Invention Title:

GROUNDED HUMAN MOTION GENERATION WITH OPEN VOCABULARY SCENE-AND-TEXT CONTEXTS

Publication number:

US20250308156

Publication date:
Section:

Physics

Class:

G06T17/00

Inventors:

Assignees:

Applicant:

Smart overview of the Invention

The patent application outlines a method for generating human motion in 3D scenes using open vocabulary scene-and-text contexts. The approach involves receiving a 3D point cloud of a scene and natural language instructions related to a goal object within the scene. A text tokenizer processes the instructions, and a pre-trained vision-language model generates text features. Scene features are created using a pre-trained U-Net scene encoder, which are then downsampled. By fusing these scene features with text features, a conditional latent is formed to predict motion parameters for a parametric human body model.

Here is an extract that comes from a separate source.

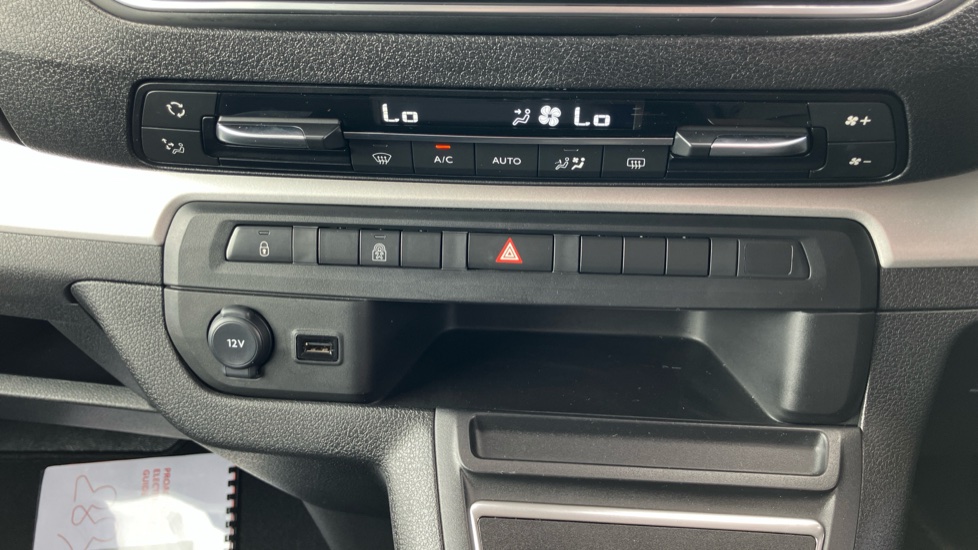 Toyota Proace Verso 100kW Shuttle Medium 50kWh 5dr Auto Electric Estate - Image 33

Challenges in Traditional Methods

Traditional methods of generating human motions in 3D scenes based on textual descriptions face several challenges. These include the high cost and time consumption associated with producing diverse and semantically consistent motions. Moreover, conventional approaches often exhibit biases towards centering motions within scenes and rely on closed vocabularies, limiting their adaptability to diverse textual inputs. Such methods may also suffer from mismatches between text and image embeddings, leading to inaccurate motion generation.

Innovative Features

The proposed method addresses these challenges by enabling grounded human motion generation with open vocabulary contexts. This involves training the system to align text embeddings with 3D point cloud features and establishing a framework for text-and-scene-conditional motion generation. The system replaces closed vocabulary pretraining with open vocabulary knowledge distillation and introduces novel regularization losses to refine the grounding of text and scene data. These innovations aim to improve the accuracy and efficiency of human motion generation.

System Architecture

The system architecture comprises several components: a pre-trained vision-language model, a U-Net scene encoder, a down sampler, a fusion module, and a conditional motion generator. These elements work together to process inputs—comprising 3D point clouds and natural language instructions—and generate 3D human meshes for multiple motion frames. The system can be implemented on various computing devices, including servers, smartphones, and gaming devices, providing flexibility in deployment.

Pre-trained Model Utilization

The method leverages pre-trained models like CLIP for semantic understanding of visual information and open vocabulary processing. These models map images and text into a common latent space for effective comparison and retrieval. By utilizing open vocabulary capabilities, the system can handle a broad range of terms not explicitly included in its training dataset, enhancing its adaptability and performance in diverse scenarios.